Review of Never Smile at a Monkey, by Steve Jenkins

Never Smile at a Monkey

And 17 Other Important Things to Remember

by Steve Jenkins

Houghton Mifflin Books for Children, 2009. 32 pages.
Starred Review
Sonderbooks Stand-out 2010: #4 Children’s Nonfiction

I’m a huge fan of Steve Jenkins’ art work. He uses cut paper, and is able to make animals that to me look completely realistic. His textures mimic fur or scales or feathers so thoroughly you want to touch the soft-looking ones.

But you probably shouldn’t touch any of the animals in this book. Never Smile at a Monkey is essentially a list of 18 ways certain animals can kill you or severely hurt you.

For example, the author advises you never to harrass a hippo, jostle a jellyfish, or step on a stingray. All of those creatures are capable of killing human beings. Some of the animals in this book are dangerous in surprising ways.
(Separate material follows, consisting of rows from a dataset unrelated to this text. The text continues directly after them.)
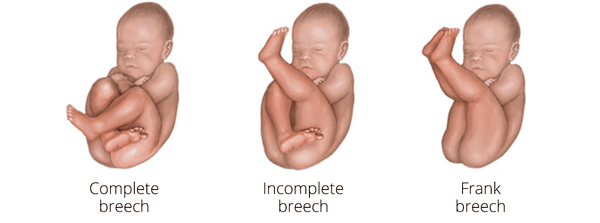 breech baby positions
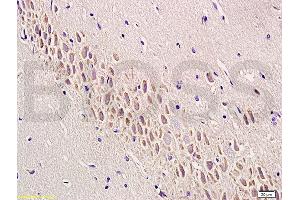 Formalin-fixed and paraffin embedded rat brain labeled with Anti-SEMA7A/CD108 Polyclonal Antibody, Unconjugated (ABIN749363) at 1:200 followed by conjugation to the secondary antibody and DAB staining (SEMA7A 抗体  (AA 351-450))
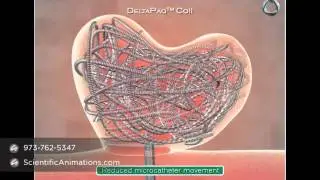 3D Medical Animation Deltacoil Showcase MicrusEndovascular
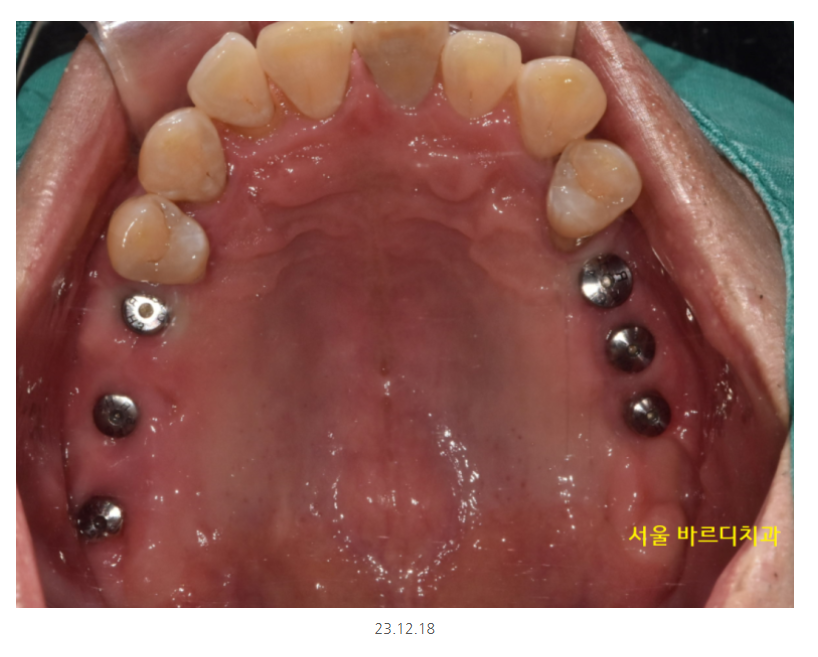 길동 치과 임플란트 뼈이식 흡연 관련 있을까? 관련 이미지 10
This is definitely not a book for very young children who might be frightened. But certain school-age children will find these facts gruesomely interesting. And, as I said, the pictures are amazing.

And, by the way, why shouldn’t you smile at a monkey?

“If you smile at a rhesus monkey, it may interpret your show of teeth as an aggressive gesture and respond violently. Even a small monkey can give you a serious bite with its long, sharp fangs.”